▸ **WORK TASK**: Leave out the pictures and copy the remaining records exactly.

▸ **RECORDS FOR PROCESSING**:
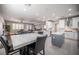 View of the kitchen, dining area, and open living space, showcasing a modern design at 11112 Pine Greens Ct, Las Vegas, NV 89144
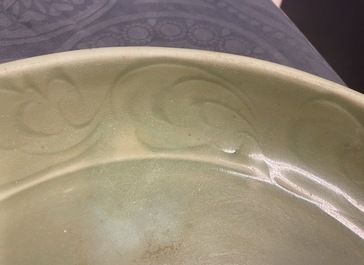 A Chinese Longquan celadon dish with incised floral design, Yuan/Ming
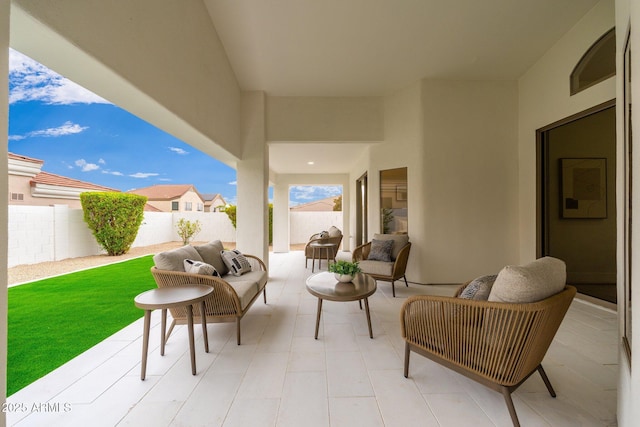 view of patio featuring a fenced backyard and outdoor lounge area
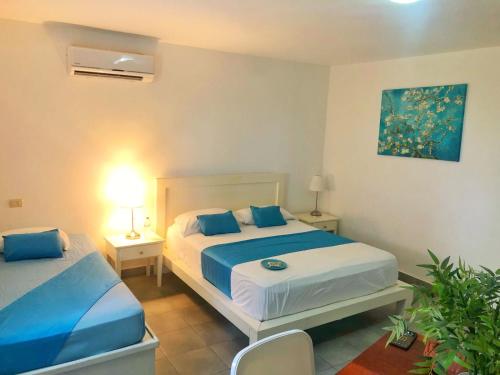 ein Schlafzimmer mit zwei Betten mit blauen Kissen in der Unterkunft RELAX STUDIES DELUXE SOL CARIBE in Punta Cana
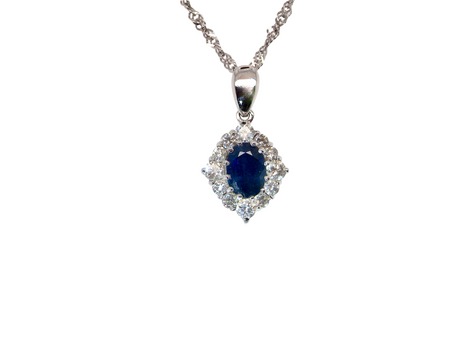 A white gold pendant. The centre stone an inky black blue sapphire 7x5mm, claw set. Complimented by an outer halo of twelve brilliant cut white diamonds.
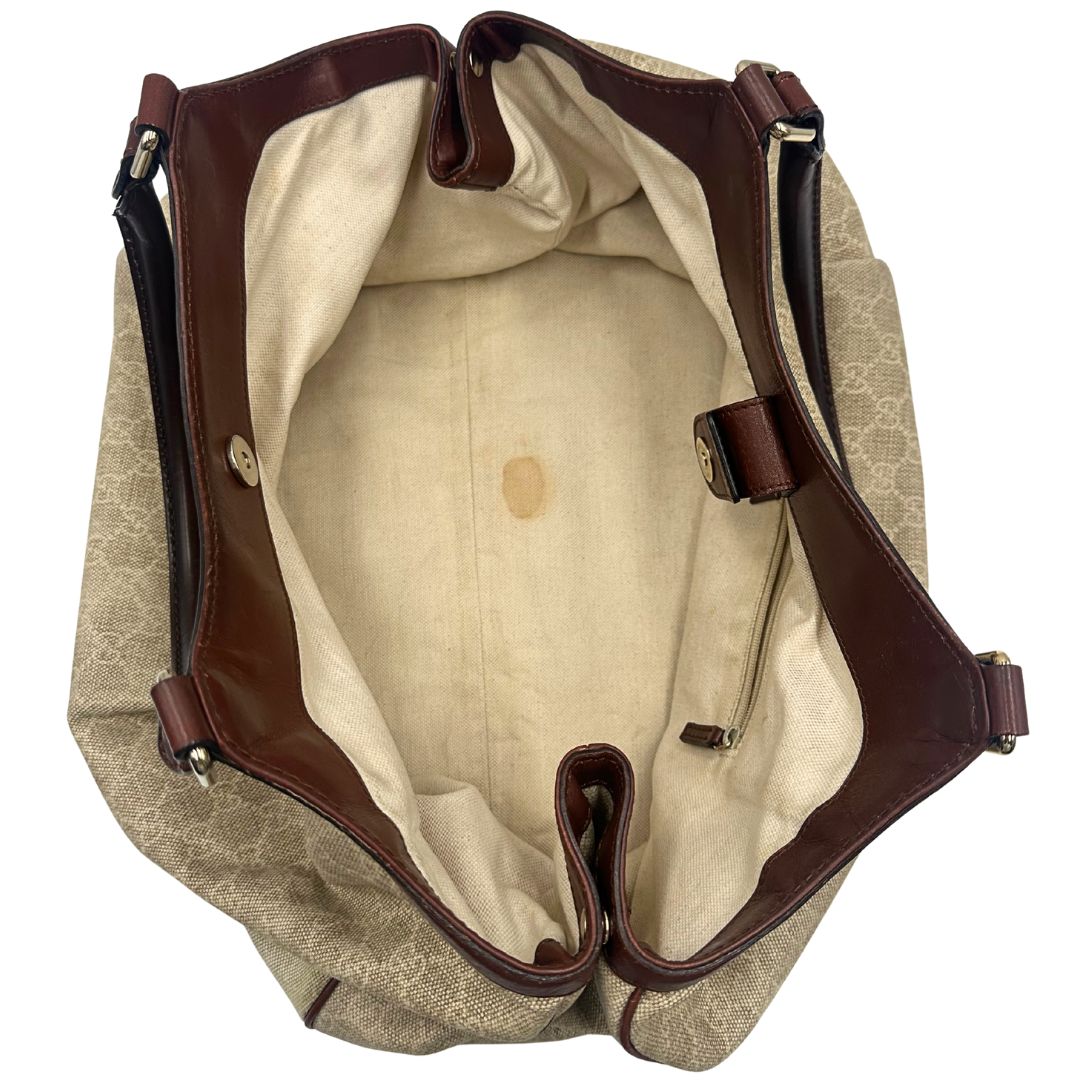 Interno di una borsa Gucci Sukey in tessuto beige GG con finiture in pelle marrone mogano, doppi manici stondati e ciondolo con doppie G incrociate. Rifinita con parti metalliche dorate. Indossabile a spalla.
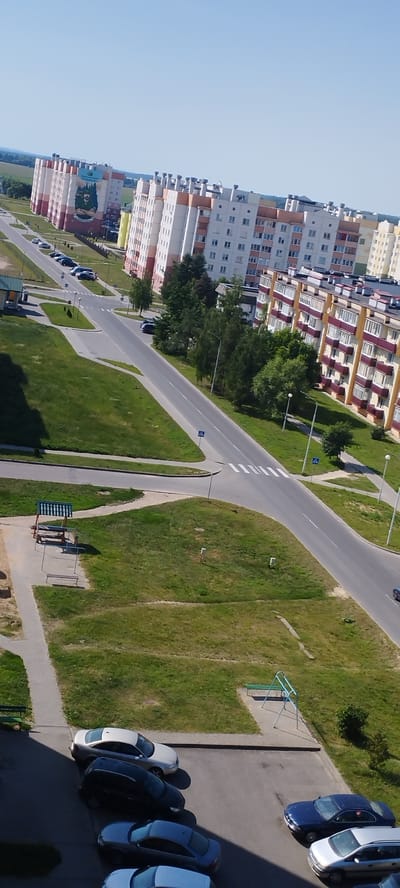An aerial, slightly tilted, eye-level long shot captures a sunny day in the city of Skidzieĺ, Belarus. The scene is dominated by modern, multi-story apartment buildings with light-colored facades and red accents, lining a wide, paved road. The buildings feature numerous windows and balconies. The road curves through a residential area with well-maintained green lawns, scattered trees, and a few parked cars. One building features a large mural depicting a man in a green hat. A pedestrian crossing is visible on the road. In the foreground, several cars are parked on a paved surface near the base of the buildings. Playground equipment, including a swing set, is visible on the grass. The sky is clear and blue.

▸ **RESPONSE TO THE TASK**:
 View of the kitchen, dining area, and open living space, showcasing a modern design at 11112 Pine Greens Ct, Las Vegas, NV 89144
 A Chinese Longquan celadon dish with incised floral design, Yuan/Ming
 view of patio featuring a fenced backyard and outdoor lounge area
 ein Schlafzimmer mit zwei Betten mit blauen Kissen in der Unterkunft RELAX STUDIES DELUXE SOL CARIBE in Punta Cana
 A white gold pendant. The centre stone an inky black blue sapphire 7x5mm, claw set. Complimented by an outer halo of twelve brilliant cut white diamonds.
 Interno di una borsa Gucci Sukey in tessuto beige GG con finiture in pelle marrone mogano, doppi manici stondati e ciondolo con doppie G incrociate. Rifinita con parti metalliche dorate. Indossabile a spalla.
An aerial, slightly tilted, eye-level long shot captures a sunny day in the city of Skidzieĺ, Belarus. The scene is dominated by modern, multi-story apartment buildings with light-colored facades and red accents, lining a wide, paved road. The buildings feature numerous windows and balconies. The road curves through a residential area with well-maintained green lawns, scattered trees, and a few parked cars. One building features a large mural depicting a man in a green hat. A pedestrian crossing is visible on the road. In the foreground, several cars are parked on a paved surface near the base of the buildings. Playground equipment, including a swing set, is visible on the grass. The sky is clear and blue.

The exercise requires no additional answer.